É uma tolice dizer que a Ucrânia é uma democracia. Assim como não há democracia na Venezuela, onde os coletivos chavistas (também de inspiração neonazista) acossam a população, não há democracia na Ucrânia. Como pode haver eleições livres e limpas sem polícia, com milícia? A Ucrânia é ainda mais cara de pau do que a Venezuela, já que os coletivos não foram incorporados ao Exército.
Por fim, sempre haverá quem aponte que Zelenski é judeu. Que seja. Glenn Greenwald é judeu, e nunca vi ninguém – nem Glenn Greewald – negar que Matt Hale é neonazista. Greenwald é judeu, e defendeu pro bono um líder neonazista acusado de (depois condenado por) encomendar, de dentro da cadeia, o assassinato de uma juíza. Existem pessoas complicadas. O meu palpite é que Zelenski foi posto lá para evitar acusações de neonazismo. Os neonazistas ucranianos odeiam mais os russos do que os judeus. Zelenski poderia andar de menorá na mão pra cima e pra baixo, que nada mudaria o fato de o Estado por ele chefiado ter uma milícia neonazista incorporada ao Exército.
Pandemônio na Ucrânia
Então ficamos assim: os Estados Unidos e a União Europeia enviam armas à Ucrânia para combater a Rússia – ou os russos étnicos do Leste da Ucrânia. Parece o roteiro dos Talibãs, um grupo violento, fanático, que ganhou armas dos Estados Unidos para combater a União Soviética. A diferença é que na época não tinha Twitter para um monte de abestalhado ficar dizendo que é lindo o povo afegão pegando em armas para combater os russos.

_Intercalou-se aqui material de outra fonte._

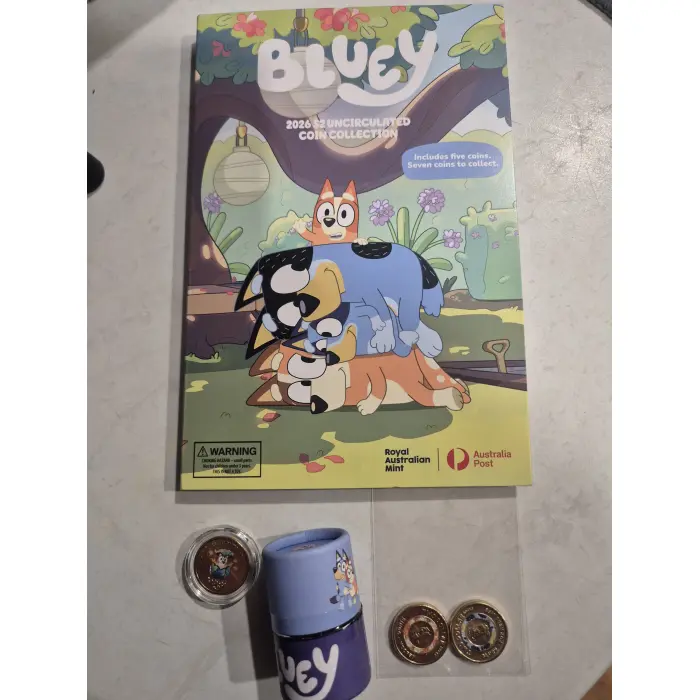 2026 bluey folder + unc  coloured sleepytime and aunc  till coins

Para piorar, não custa informar que Zelenski tem, com os Estados Unidos, um programa para prevenir ameaças biológicas. Os laboratórios ucranianos estão atualmente estudando vírus aviários, suínos e outros. (Está aqui, no site oficial do governo.) Será pesquisa de ganho de função? Uma suspeita é que a pandemia gerada pelo vírus da covid só existe porque os Estados Unidos financiaram a pesquisa de ganho de função lá na China. Não podiam pesquisar em casa, por causa de leis, então transferiram da Carolina do Norte para Wuhan as pesquisas de ganho de função do coronavírus. É demais supor que a Rússia temesse uma arma biológica nas suas fronteiras?
E isso porque eles ainda têm Chernobil desativada, cheia de material para fazer bomba ou envenenar os outros.